Lord's Day Liturgy

Keeping the Adjective

There are only two uses of the adjective form of “Lord” (κυριακῇ) in the New Testament. One is in Revelation 1:10 regarding the “Lord’s day.” The other is in 1 Corinthians 11:20 regarding the “Lord’s supper.” We use these descriptions many centuries later because they are inspired descriptions. This adjective is worth keeping.

It is also worth noting that when John saw the vision of the resurrected Lord, he fell at Jesus’ feet as though dead. It is an awesome thing to behold the Son of Man in His glory. Such humility is appropriate before the Lord, and when we consider what a “lordy” day is to be, and when we consider what a “lordy” meal is to be, we are certainly intended to see something special.
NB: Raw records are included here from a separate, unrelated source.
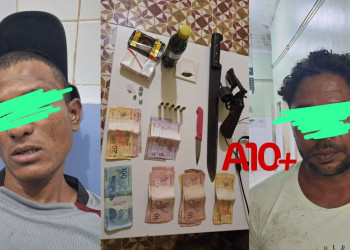 Mulher aciona PM após irmão ser ameaçado e suspeitos são presos no Piauí; estavam com drogas e armas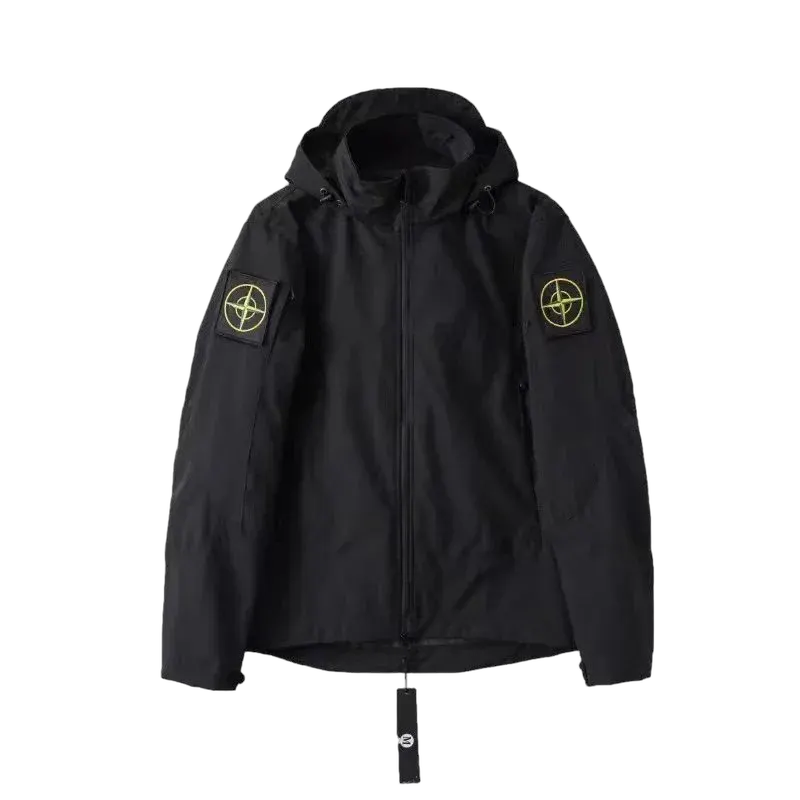 St0ne Island Hooded Patch Jacket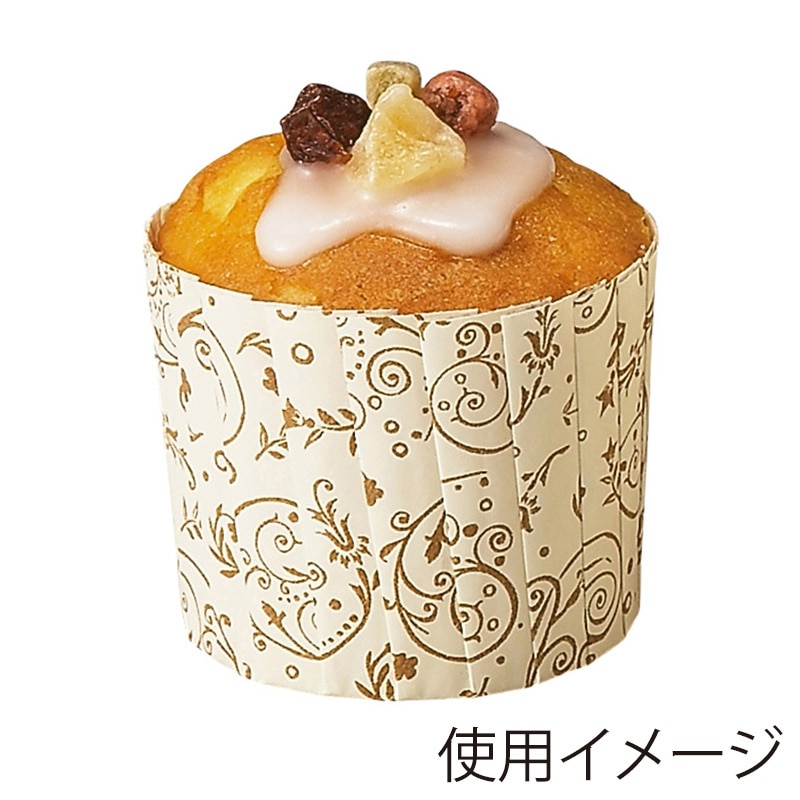 天満紙器 OTマフィンカップ S ブロッサム M211 80枚/束（ご注文単位1束）【直送品】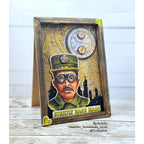 Tim Holtz Correspondence Stamps with Simon Says Stamp Dies Bundle setcs26 Steam Punk Frame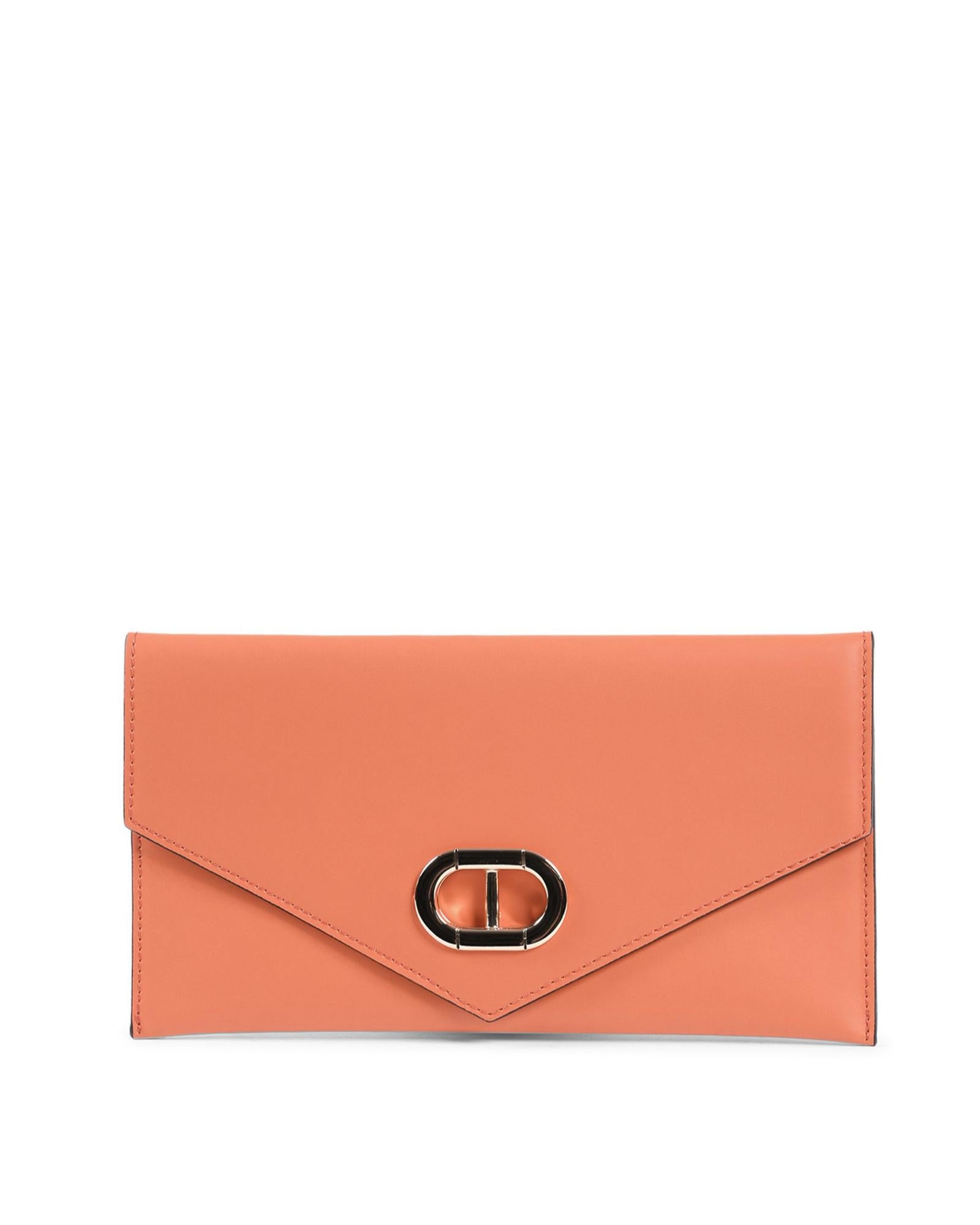 Italian Leather Envelope Clutch - One Size Tristar Online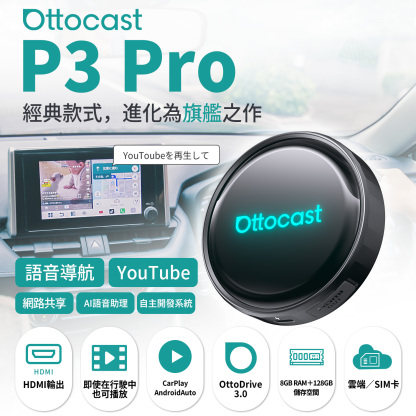 OttoAibox P3 Pro 旗艦版 CarPlay / Android Auto安卓盒子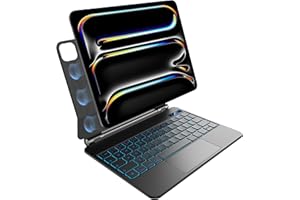 pankeybd Custodia con Tastiera per iPad Pro 11 pollici M4 2024, Retroilluminata a 7 colori, Trackpad multi-touch, Design magnetico fluttuante, Nero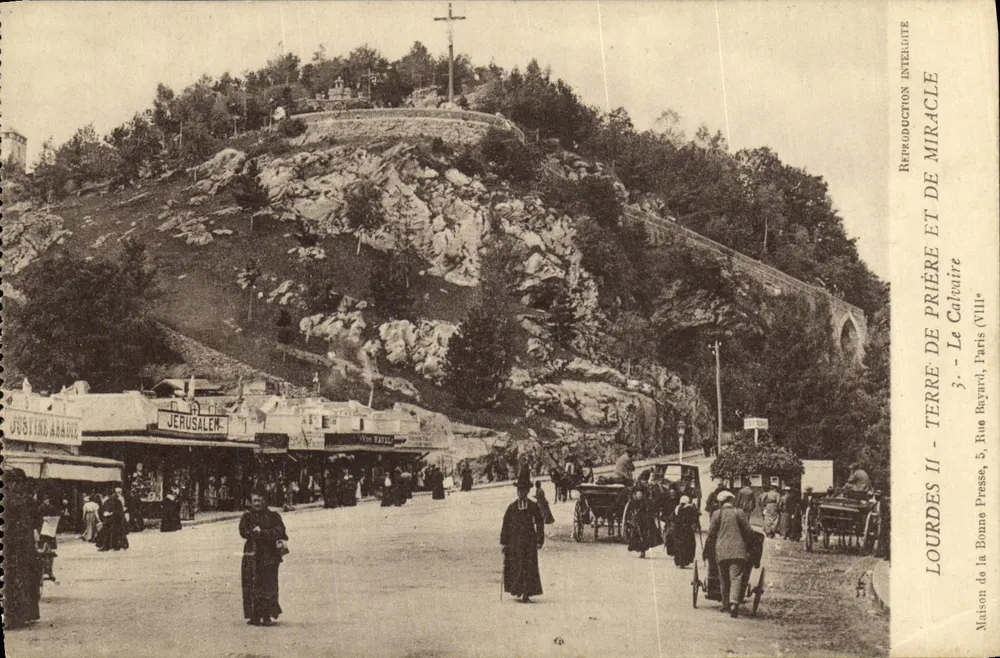 Lourdes - Land der Gebete und Wunder — Innere Reproduktion — Maison de la Bonne Presse, 5, Rue Bayard, Paris (VIIIe) - Vorderseite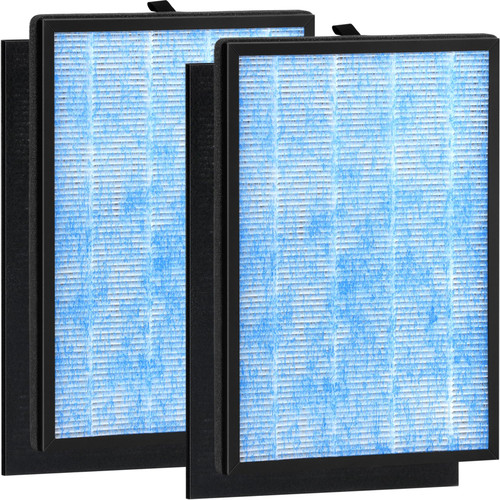 2 Packs 3-in-1 Replacement Air Filters Compatible with Okaysou Air Purifier Airmax 8L, Blue Ultra-Filter & H13 Grade True HEPA Filter
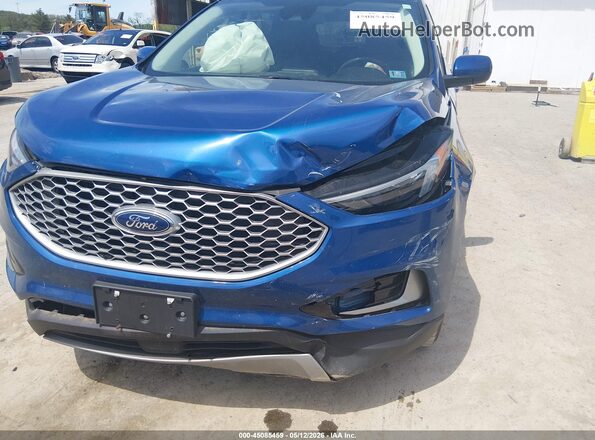 2FMPK4J96RBA71627 2024 FORD EDGE Blue Դիմացի տեսք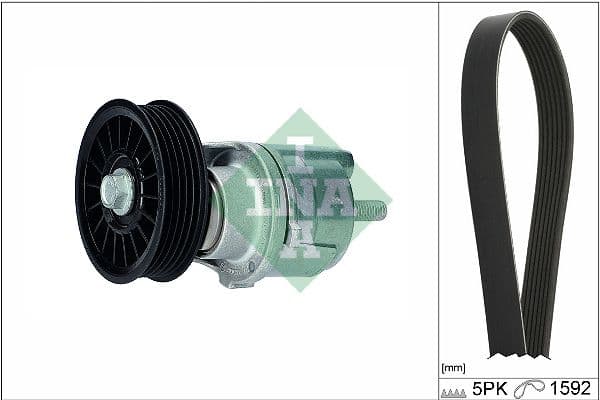 Set curea transmisie cu caneluri Schaeffler INA 529 0161 10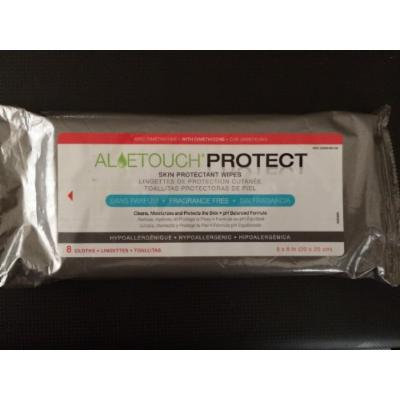 Medline Aloetouch Protect DIMETHICONE Wipes Unscented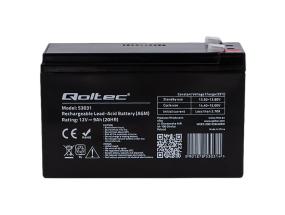 QOLTEC 53031 Qoltec Gel akku 12V 9A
But Jesus’ response to John’s humility is also instructive. This dazzling Lord, clothed with divine glory, put His hand on John, told him not to fear, and announced His authority over life and death for John’s good. Don’t fear because He is the living one. Don’t fear because He died, and behold, is alive forever more. Don’t fear because He has the keys of Death and Hades.

While it is possible to abuse the Lord’s kindness to us, which some of the Corinthians had done, the Lord’s supper is a reminder of His authority and His grace. It is a reminder that the one who invites us to eat and drink shares Himself, His life, and His kingdom with us.